ぐるぐるに巻いたマフラーに口元を埋め、もすうぐ日を跨ぐ時間にも関わらず、切れ間の無い人の波を眺めていた。
もうすぐ年明け。
初詣をしよう、と咲綺ちゃんと約束し、家を出たが張り切り過ぎて待ち合わせ時間には少し早かった。
深夜に出て行く娘に「初詣だけよ」と釘を刺した母。
初めて夜中に外出する娘の行動に戸惑っている風だったが、見送ってくれた。
前の母だったら話を聞いてもらえる前に「そんな時間にとんでもない!」と怒鳴ったに違いない。
徐々に変わりつつあるお互いに、お互いが戸惑いながらも、小さな歩幅で進んでいる。
それを感じ取れるから、胸の辺りが暖かくなる。
「夜なのに、こんなに人がいるんだね」
「あと10分で年明けだからね」
咲綺ちゃんと合流し、先頭が見えない程に並ぶ参拝の列の最後に着く。
煌々とする灯りに、湯気を吐き出すテント。
なんだかお祭りみたいだ。
「丹波さん?」
私も一緒に視線を向けると、ダッフルコートのポケットに手を突っ込んだ比嘉さんが白い息を吐き、口元を持ち上げる。
「げっ」
「奇遇だね。家、この辺なの?」
「何よ。あんたは1人?年の最後に寂しい奴ね」
咲綺ちゃんは嫌味を言ったつもりだろうけど、比嘉さんは全く動じていない様子。
「前でツレが並んでる。僕は甘酒が欲しくなってね」
「あぁ、そう」
「ドラムやってる奴だよ。紹介したいな」
「だから、あたしにその気は無いって言ってるでしょ!?しつこい男は嫌われるわよ!?」
「マメな男じゃなきゃ、女子は落とせないと思うけど?」
「・・・あんた、それ本気で言ってるならぶっ飛ばすわよ」
キザな台詞に身震いをしながらも右手には拳が握られている。
それに動じることなく、貼り付けたような笑顔を作った比嘉さんは財布から何かを取り出して差し出した。
「どうせ別の機会って言ったって会ってくれないだろうから、ちょうどいい」
「何よ、これ」
「3月にライブやるんだ。
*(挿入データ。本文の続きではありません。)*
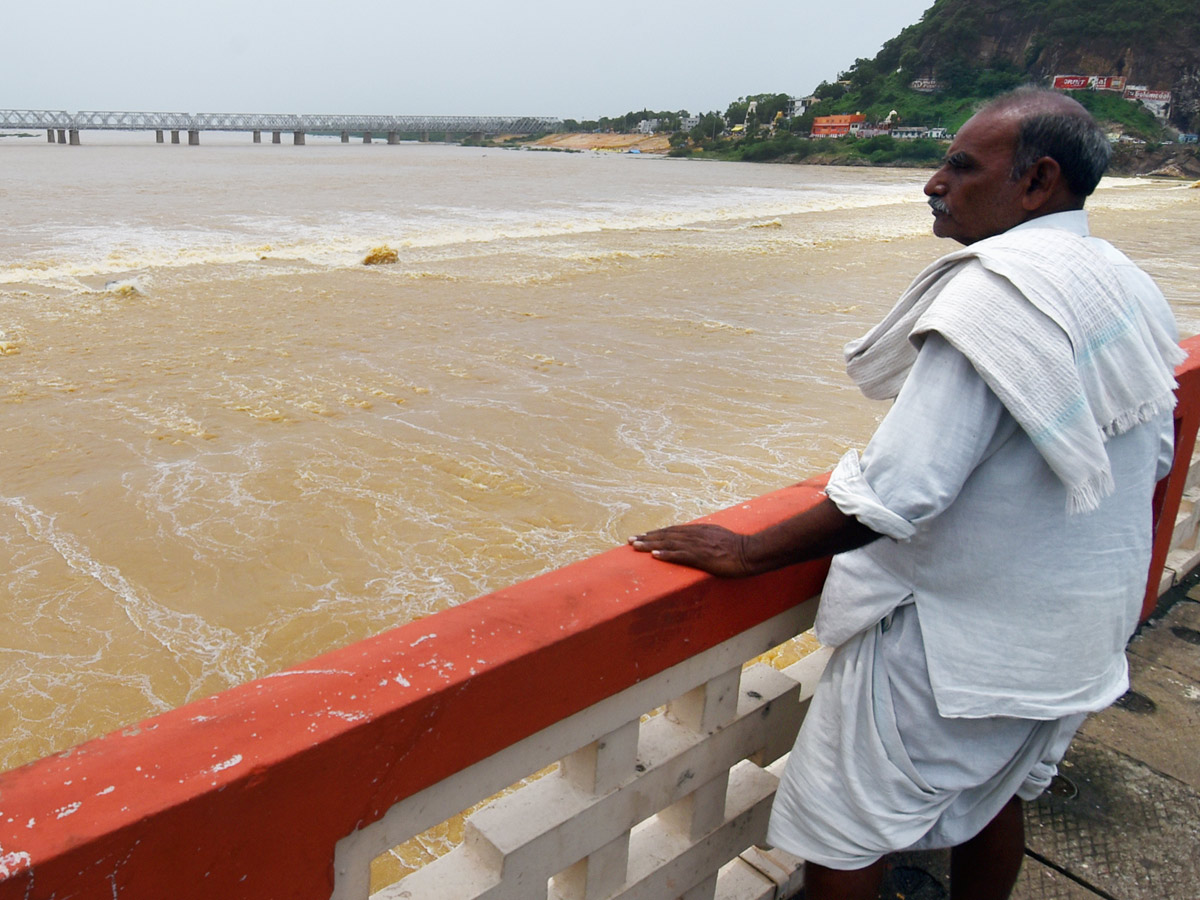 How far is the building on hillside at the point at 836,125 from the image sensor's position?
106 metres

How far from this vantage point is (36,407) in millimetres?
6824

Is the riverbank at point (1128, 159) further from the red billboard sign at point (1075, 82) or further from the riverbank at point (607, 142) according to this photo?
the red billboard sign at point (1075, 82)

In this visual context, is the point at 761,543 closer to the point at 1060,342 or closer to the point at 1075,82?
the point at 1060,342

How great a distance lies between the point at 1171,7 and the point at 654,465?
116396mm

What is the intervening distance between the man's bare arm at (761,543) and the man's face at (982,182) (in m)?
0.54

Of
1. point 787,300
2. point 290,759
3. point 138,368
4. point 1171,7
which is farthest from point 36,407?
point 1171,7

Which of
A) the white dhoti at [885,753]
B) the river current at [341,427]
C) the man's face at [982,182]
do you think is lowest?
the river current at [341,427]

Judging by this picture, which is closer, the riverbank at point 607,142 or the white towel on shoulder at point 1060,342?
the white towel on shoulder at point 1060,342

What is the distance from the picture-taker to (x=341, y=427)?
258 inches

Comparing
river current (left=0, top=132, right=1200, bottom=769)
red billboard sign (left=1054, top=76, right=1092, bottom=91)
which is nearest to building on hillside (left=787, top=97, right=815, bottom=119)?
red billboard sign (left=1054, top=76, right=1092, bottom=91)

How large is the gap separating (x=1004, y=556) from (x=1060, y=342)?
1.12 ft

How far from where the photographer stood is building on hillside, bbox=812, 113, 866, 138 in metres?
106

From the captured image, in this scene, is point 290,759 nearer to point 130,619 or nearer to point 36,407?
point 130,619

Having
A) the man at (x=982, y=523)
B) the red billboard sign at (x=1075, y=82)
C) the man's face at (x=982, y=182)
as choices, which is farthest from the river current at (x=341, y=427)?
the red billboard sign at (x=1075, y=82)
カノンのメンバーで来てよ」
「何でよ」
「純粋に僕達のライブを見て欲しくて。きっと最高のライブになる。後悔はさせないよ」
どこから湧き上がってくる自信なのか、口説き文句のような言葉を吐き、笑顔は崩さない。
「いらない」
「何か企んでると思ってる?」
構えた咲綺ちゃんの行動を肯定と取り、小さく声を出して笑い、私の方にチケットを押し付けた。